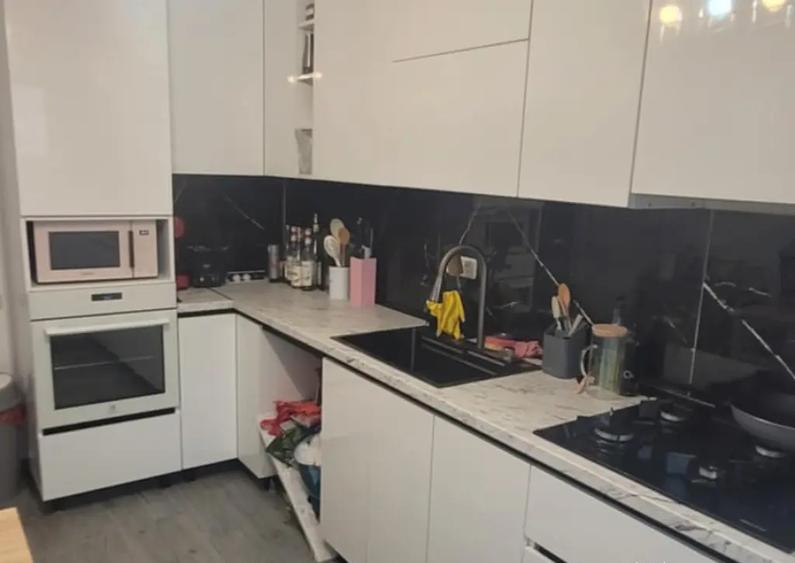 Apartament 3 camere Vivamus Residence - 8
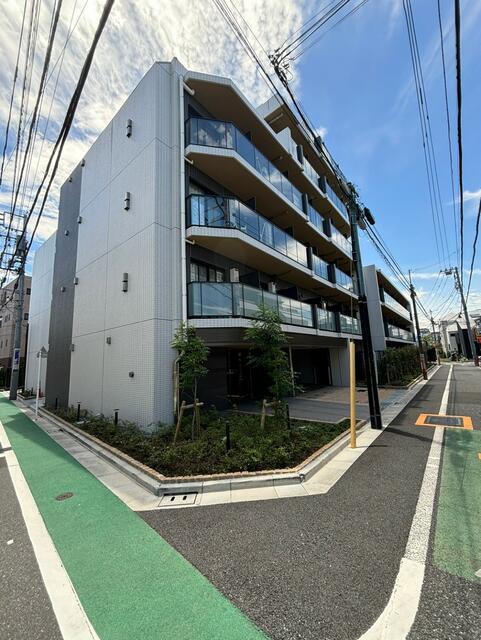 ガリシア中野新井薬師110号室 部屋その他
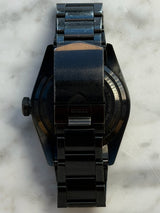 Tudor - Pre-owned Black Bay Dark PVD Bracelet 79230DK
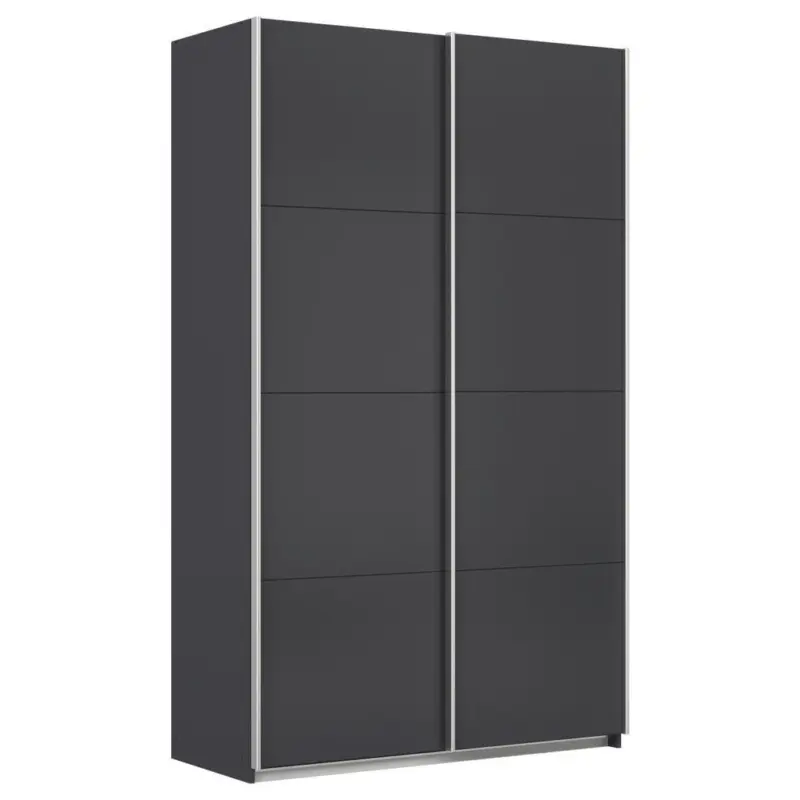 Schwebetürenschrank Feldkirch 136 Maxihöhe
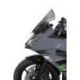 Bulle MRA Touring "TM" clair Kawasaki Ninja 650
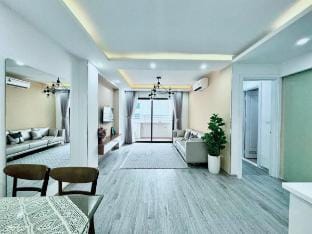 2 bedrooms Apartment My Khe Beach Vacation rental in Da Nang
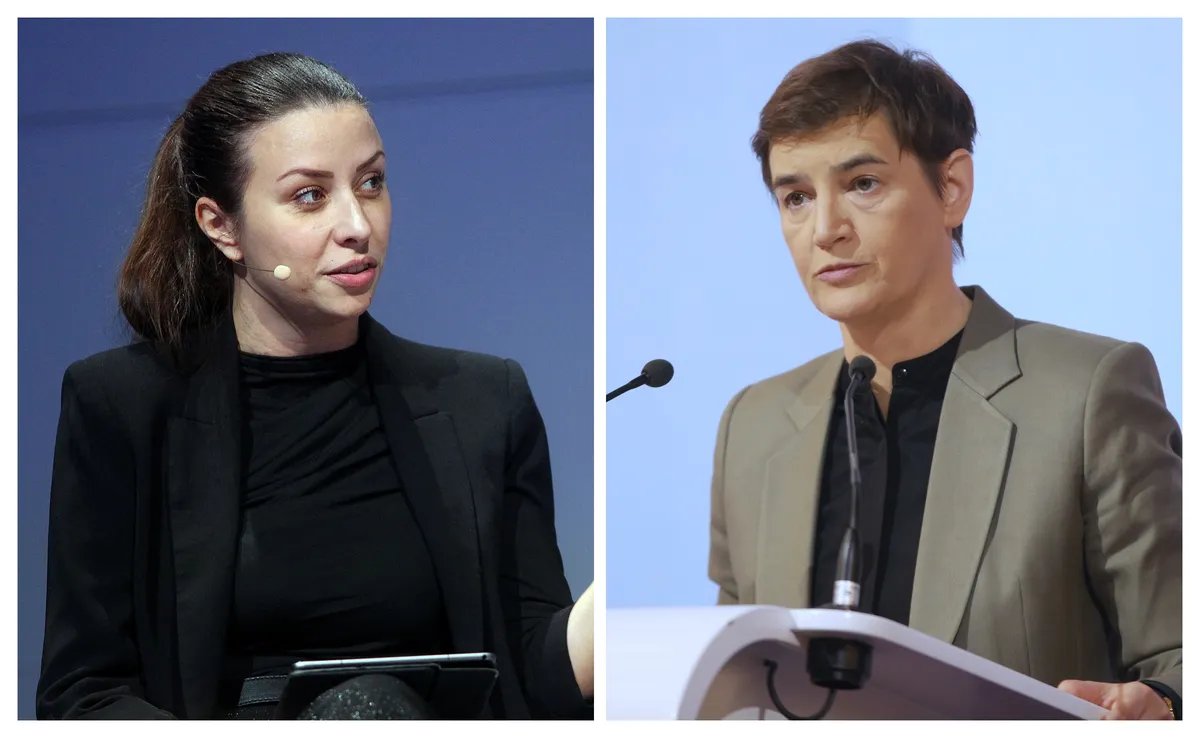 Film "Tura do Strazbura" prikazan u Evropskom parlamentu: Irena Joveva poslala poruku Ani Brnabić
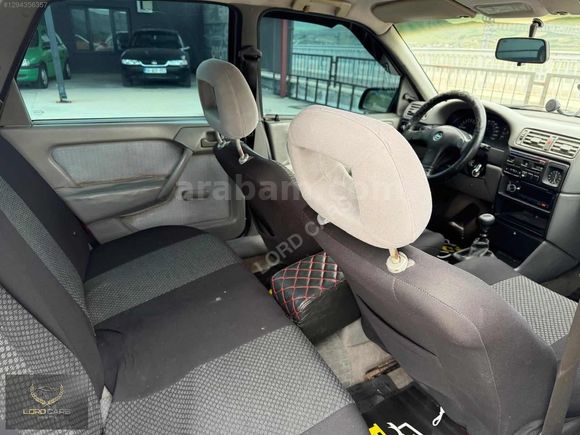 "LORD CARS" A KASA FIRSAT ARACI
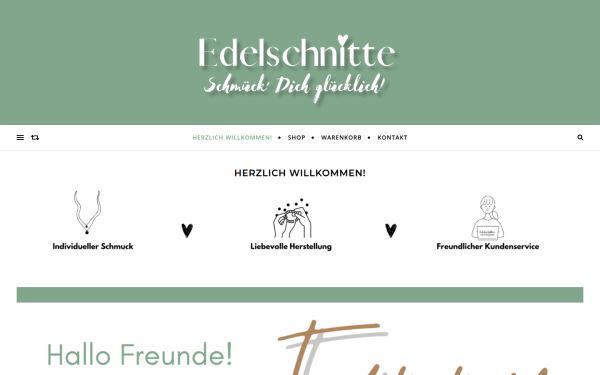 edelschnitte.com
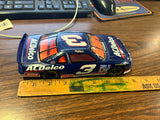 NASCAR #3 Dale Earnhardt 1996 AC Delco Suzuka Japan 1:24 Diecast Stock Car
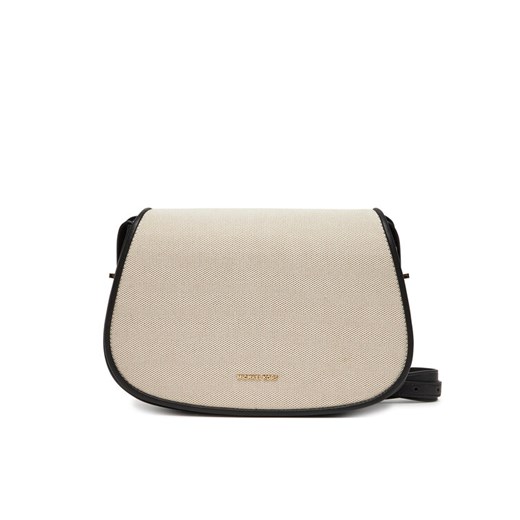 MICHAEL Michael Kors Torebka 30S5GL0M2C Beżowy ze sklepu MODIVO w kategorii Listonoszki - zdjęcie 183652979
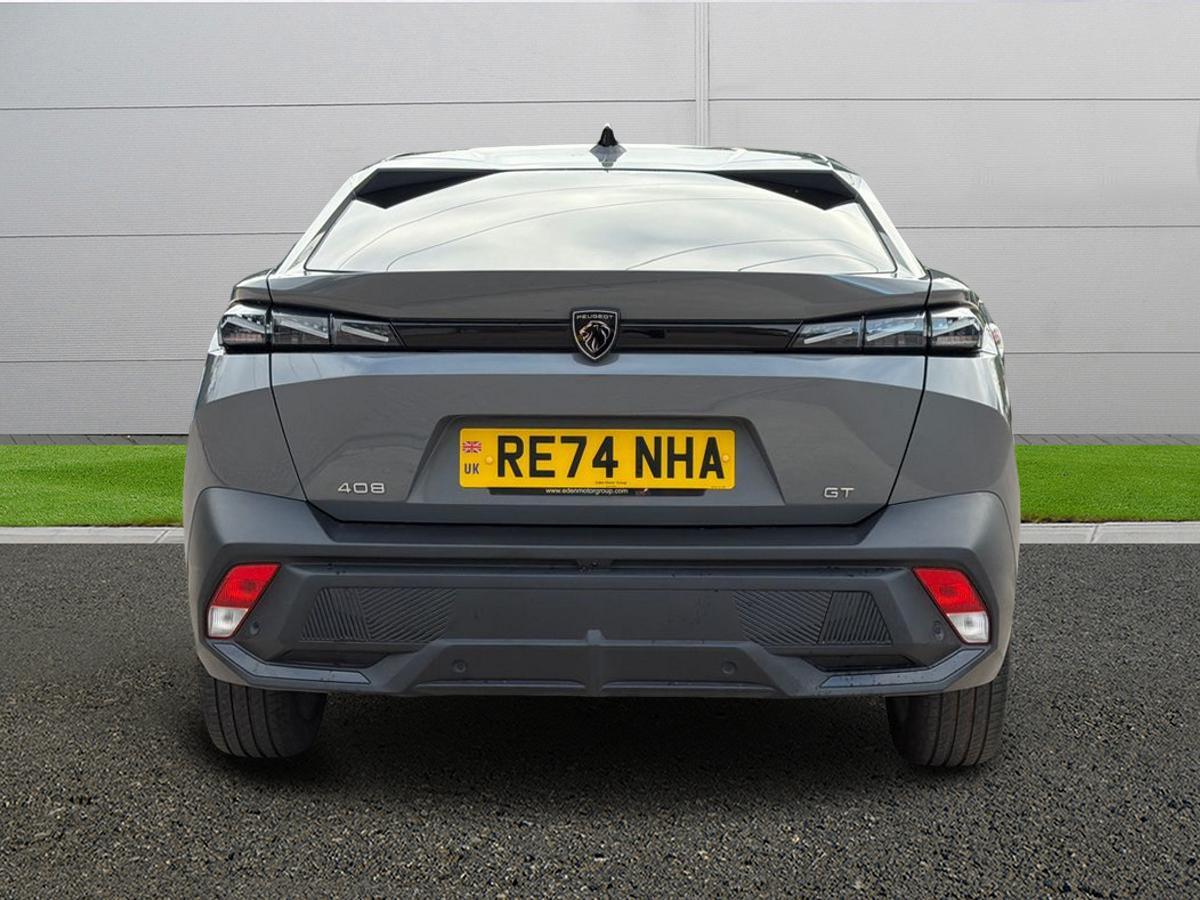 Used Peugeot 408 2024 for sale - 76801632: Photo 6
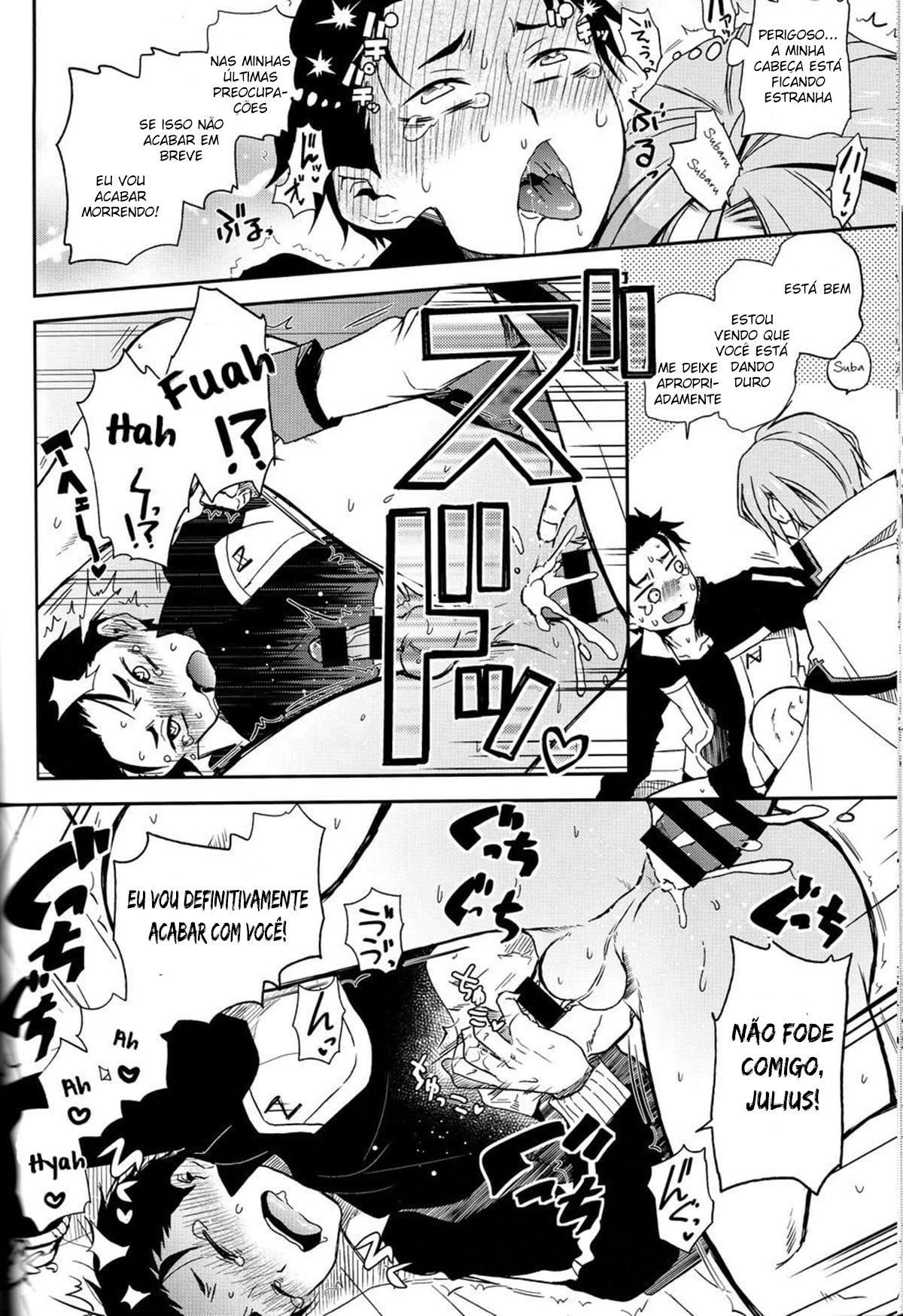 Saiyuusama ha Yasashikunai! - Página 33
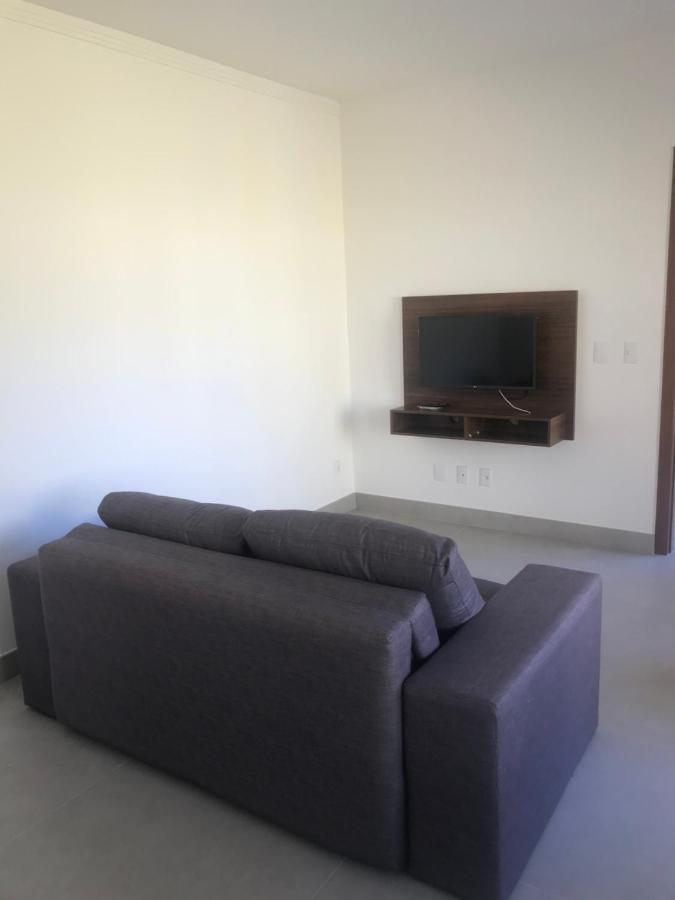 Ventos Da Praia Porto Seguro Exterior photo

• **Exercise instructions**
Every record must be copied exactly, with images dropped from the result.

• **Solved problem**
 Apartament 3 camere Vivamus Residence - 8
 ガリシア中野新井薬師110号室 部屋その他
 Tudor - Pre-owned Black Bay Dark PVD Bracelet 79230DK
 Schwebetürenschrank Feldkirch 136 Maxihöhe
 Bulle MRA Touring "TM" clair Kawasaki Ninja 650
 2 bedrooms Apartment My Khe Beach Vacation rental in Da Nang
 Film "Tura do Strazbura" prikazan u Evropskom parlamentu: Irena Joveva poslala poruku Ani Brnabić
 "LORD CARS" A KASA FIRSAT ARACI
 edelschnitte.com
 NASCAR #3 Dale Earnhardt 1996 AC Delco Suzuka Japan 1:24 Diecast Stock Car
 MICHAEL Michael Kors Torebka 30S5GL0M2C Beżowy ze sklepu MODIVO w kategorii Listonoszki - zdjęcie 183652979
 Used Peugeot 408 2024 for sale - 76801632: Photo 6
 Saiyuusama ha Yasashikunai! - Página 33
 Ventos Da Praia Porto Seguro Exterior photo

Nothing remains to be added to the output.